To whatever cause it may be assigned, it has to be admitted that musicians in those days had a most unenviable reputation, and were looked upon with the greatest contempt.
One qualification of this statement may be made, as there is little doubt that a great distinction was made between the composer and the "musician."
Every rogue and vagabond who scoured the country giving crude and generally offensive performances styled himself musician, so the public, having no greater genius for fine discrimination then than now, came to regard all persons who were engaged in the performance of music, if not with active aversion, at any rate with passive contempt.
It is in these early times that the foundation of the feeling was laid, only to be strengthened later on when Puritanism came with fanatic intensity to still further deepen it. How engrained in the spirit of the people this sentiment became is evident, even to this day.
That the composer of music was regarded in a different light, we shall be able to prove.
He obtained degrees at the Universities of Oxford and Cambridge, where he proceeded to the high position of Professor of the University in the Chair of Music.
Leases of Crown lands were made to him, with grants of armorial bearings in some cases; indeed, there are evidences of many kinds to show that his calling was held in high esteem. With the "musicians," as they were called, or "minstrels," as they called themselves, things went from bad to worse. Doubtless reinforced again by cast-off camp-followers from the armies of the Wars of the Roses, they became, by the reign of Queen Elizabeth, not only a source of terror to the countryside, but a nuisance and a pest to the towns. Gosson writes, about 1580: "London is so full of unprofitable pipers and fiddlers that a man can no sooner enter a tavern, than two or three cast of them hang at his heels, to give him a dance before he depart."5
In 1597 a law was passed in which they were classed as "rogues, vagabonds, and sturdy beggars," and were threatened with severe penalties.
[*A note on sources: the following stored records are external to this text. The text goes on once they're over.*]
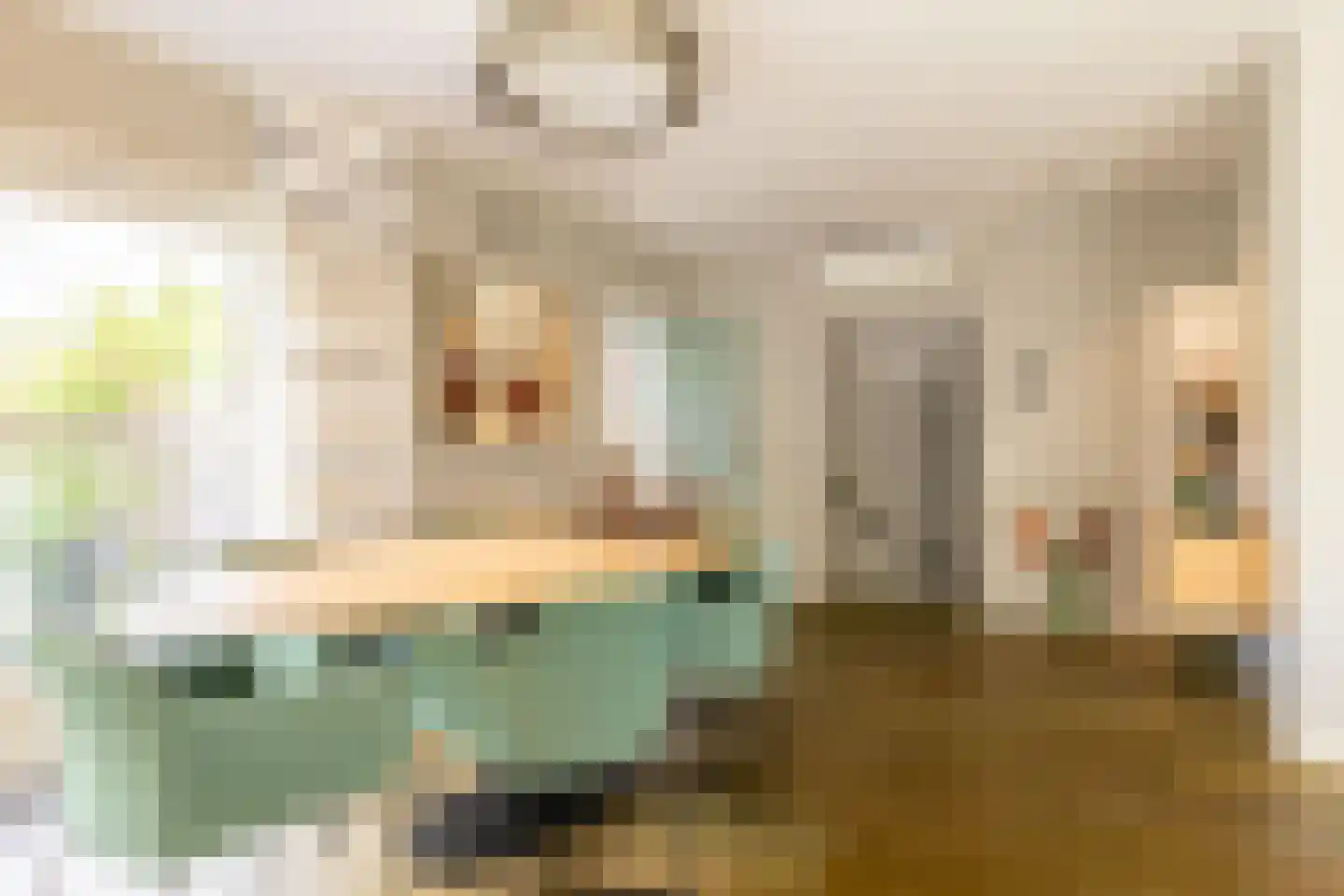 Zuider IJsseldijk 12 Gouda thumbnail 10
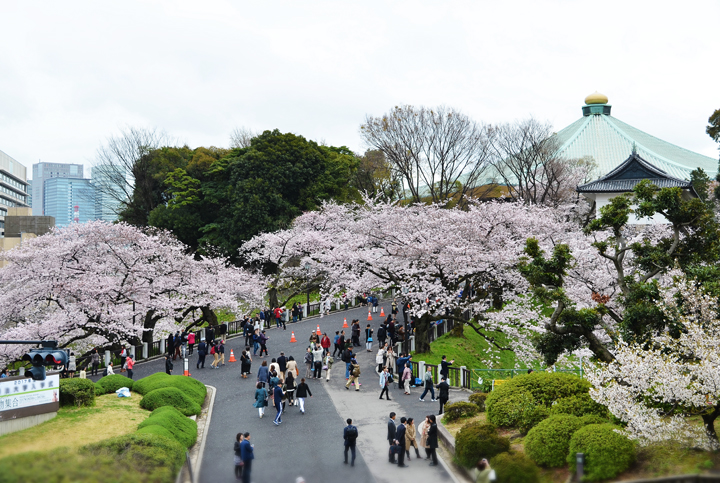 千鳥ヶ淵の桜情報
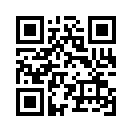 QR CODE 529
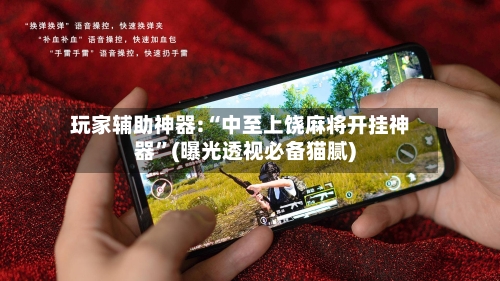 玩家辅助神器:“中至上饶麻将开挂神器”(曝光透视必备猫腻)-第2张图片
The War of the Rebellion probably brought them still another accession to their ranks, as, so far from being harmed by this threat, things must have got even worse, to judge by the following edict issued by Cromwell only a few years later: —
"Any persons commonly called fidlers or minstrels who shall at any time be taken playing, fidling, and making music in any inn, ale-house, or tavern, or shall be taken proffering themselves, or desiring, or intreating any to hear them play or make music in any of the places aforesaid, shall be adjudged and declared to be rogues, vagabonds, and sturdy beggars."
It may be at once assumed that if they were able to evade the hands of Elizabeth, they were little likely to escape those of Cromwell, who may be said to have, at last, cleared the country of what had become a positive menace to the security of life, since under the guise of wandering minstrels, highwaymen and other criminals had long been wont to carry on their occupations with comparative immunity.
The age of Queen Elizabeth was one of transition, the Commonwealth marked the birth of the new era, and with it the final disappearance of the picturesque, even if somewhat depraved, English troubadour.
CHAPTER II
MUSIC BEFORE AND DURING THE REFORMATION – (continued)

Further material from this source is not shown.